BOLTON, Mass – Escalante Golf owns 20 golf courses in the U.S. and the private equity firm based in Fort Worth, Texas, believes International Golf Club in Bolton belongs at the top.
“This is the crown jewel of Escalante,” International general manager Steve Brennan said June 8 in an impromptu interview on the driving range. “That’s how they’re looking at this.”
Escalante Golf purchased the 36-hole International out of bankruptcy in late 2020 for $10 million. Brennan started as general manager on Feb. 8, 2021, and has worked hard with his staff to restore the International to its former glory, which history dates back to 1901.

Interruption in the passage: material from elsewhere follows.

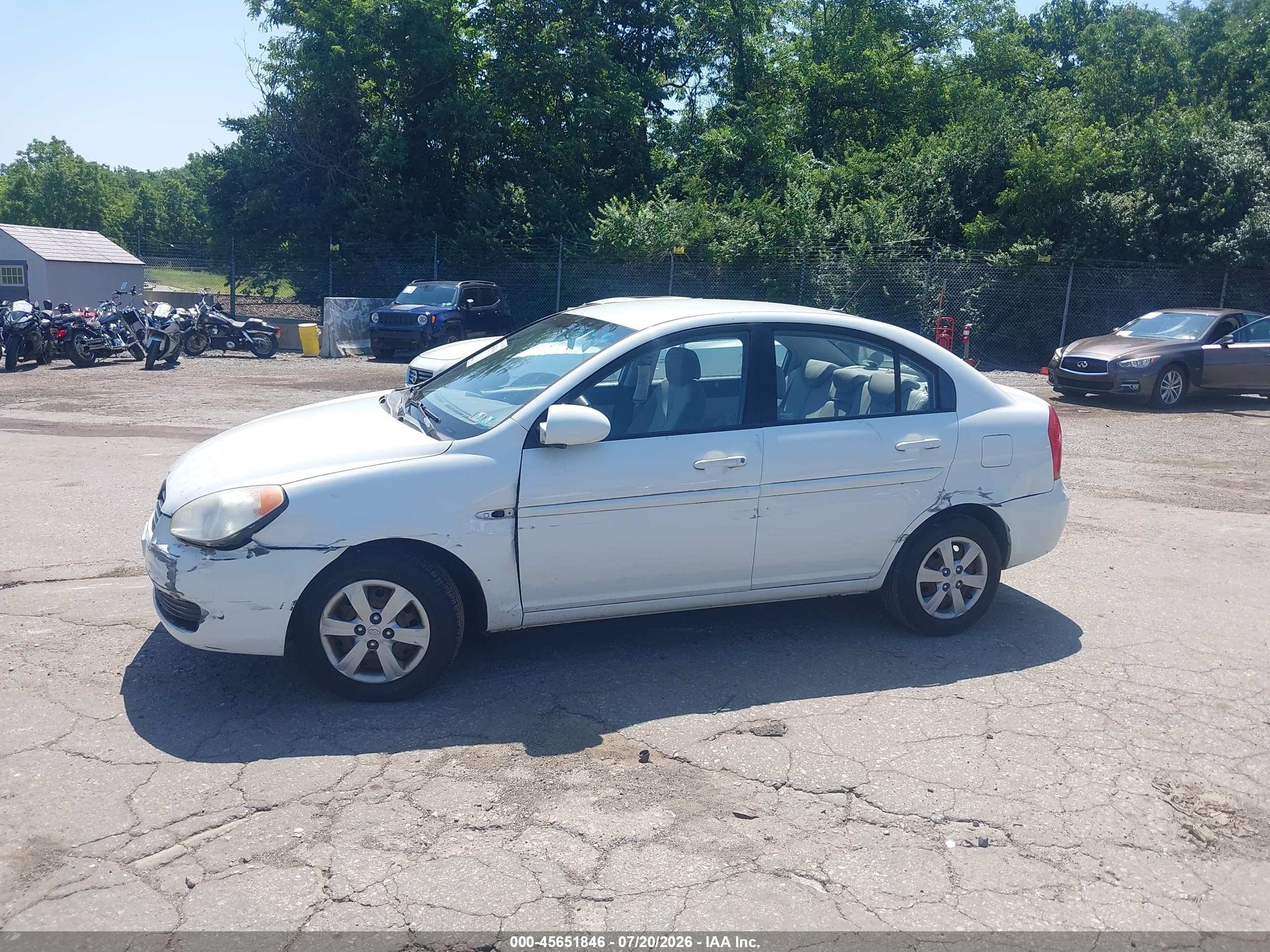 2009 Hyundai Accent Gls Белый vin: KMHCN46C19U321196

Brennan, 55, already returned The Club at New Seabury in Mashpee to profitability after bankruptcy and he turned clubs in Tampa, Fla., and Richmond, Va., around financially as well. He had been serving as a consultant in golf course construction in recent years, but the North Andover native reached out to Escalante when he learned that the firm had bought the International.

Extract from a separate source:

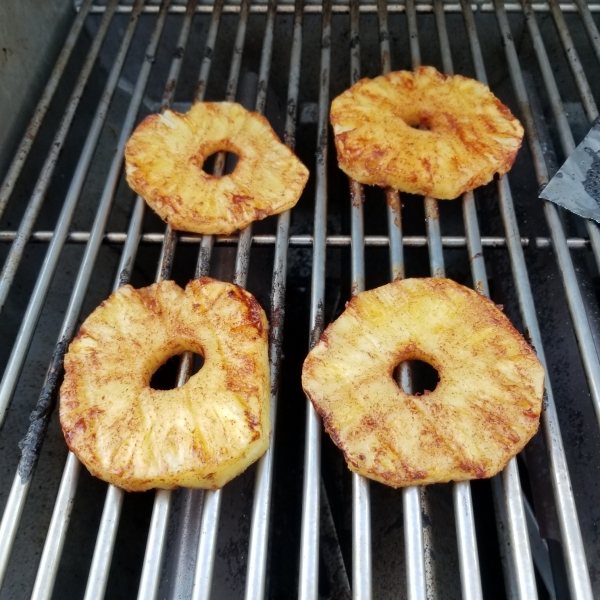 Grilled Peaches and Ice Cream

Members lost dues and couples lost wedding deposits when the International declared bankruptcy two years ago. The current owners and staff had nothing to do with those financial losses, but they must work to rebuild the club’s reputation.
“We can’t deal with the past because we can’t change it,” Brennan said. “That’s how we have to look at it.”
Brennan believes the future of the International is bright. Bill Coore and two-time Masters champion Ben Crenshaw have been hired to build a new golf course in place of the Pines Course, once known as the world’s longest golf course at 8,325 yards.
In July, nine holes of the Pines will close so Coore & Crenshaw can begin construction of the new course. The second nine will close in the fall. The new Pines Course is scheduled to open in 2024.
Tripp Davis worked on the tees and bunkers on the Oaks Course, which on Labor Day weekend will host one of the eight LIV Golf Invitational Series events. https://www.livgolf.com/events/the-international-boston
“This is the Boston market with two golf courses,” he said. “Between what Coore & Crenshaw are going to do on the Pines Course and what Tripp did on the Oaks Course, we’ll put it against anybody. And it’s private. It’s for the member experience and those that love golf.”
Brennan said the International has 210 members, including 70 who had belonged to the club at the time of the bankruptcy in May of 2020. The club hopes to boost membership to about 600.
The clubhouse, encompassing the pro shop, dining room, locker rooms and administrative offices, has been renovated with new ceilings, paint, carpets, fixtures and furniture. The 54-room lodge has been converted into 15 suites for members and their guests.
After the Pines Course has been replaced by a new one, the clubhouse will be torn down and replaced as well.
The former clubhouse and banquet facility adjacent to the current clubhouse is no longer used and will eventually be torn down as well. So will the golf bag storage facility.
Escalante will eventually spend about $50 million on the International, including the $10 million purchase price, $10-$15 million on the redesign, reconstruction of the Pines Course, upgrading the Oaks Course and practice area and construction of golf cottages.
The International caters to golfers, not families. There will be no pool, tennis, pickleball, weddings or outside events. Just members and guests playing golf.
“Family golf is great,” Brennan said. “Don’t misconstrue that. But this is about golf.”
Dustin Johnson, Phil Mickelson and Sergio Garcia are among the big names playing in the inaugural LIV event this week at the Centurion Club in Hertfordshire, England.
Mickelson has announced he plans to play in all eight LIV events so he’ll be at the International Labor Day weekend September 2-4. He’ll play in the U.S. Open next week at The Country Club in Brookline and he’s scheduled to speak to the media at 1 p.m. Monday June 13 at TCC.
Escalante also owns Pumpkin Ridge GC outside Portland, Oregon, which will host an LIV event June 30-July 2.